Il contributo dei settori “physics based” alla GVA è ripartito nel modo seguente: circa il 49% nel manifatturiero, circa il 22% nei trasporti e comunicazione, il 16% nei servizi, l’8% nel business; il resto viene dall’edilizia, dalle attività governative, dall’industria estrattiva. Se ora sommiamo a questi contributi diretti quelli indiretti, il contributo dei settori ‘physics based” al totale dell’economia italiana sale al 25%  per i posti di lavoro e al 22% per il PIL, dei quali circa il 60% è fornito dalle regioni del Nord Italia.

Bisogna rimarcare che quanto riportato finora riguarda settori connessi alla fisica, il cui Know-how sia già stata commercializzato prima del periodo 2008-2011. E’ chiaro che non tiene in conto dell’impatto che i risultati della ricerca possono avere dopo il 2011 a causa del lasso di tempo che necessariamente intercorre fra il momento della acquisizione da parte della ricerca e il suo impatto sull’economia. Inoltre va puntualizzato che la fisica ha interazioni con altre discipline e diventa alcune volte difficile dividere in modo chiaro cosa sia veramente fisica e cosa no. Nello studio di Deloitte non viene operata questa distinzione.

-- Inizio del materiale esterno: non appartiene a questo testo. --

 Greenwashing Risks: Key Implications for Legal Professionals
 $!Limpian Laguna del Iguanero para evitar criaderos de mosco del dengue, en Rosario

Bisogna notare anche che la fisica da’ altri contributi, che non vengono tenuti in conto in questo studio, perché troppo difficili da enucleare. Ci si riferisce alla migliore comprensione e conoscenza in vari settori, ai nuovi mezzi tecnologici ed al miglioramento di quelli già esistenti; ma riguarda anche l’abilitazione di infrastrutture e le guide della crescita dell’economia.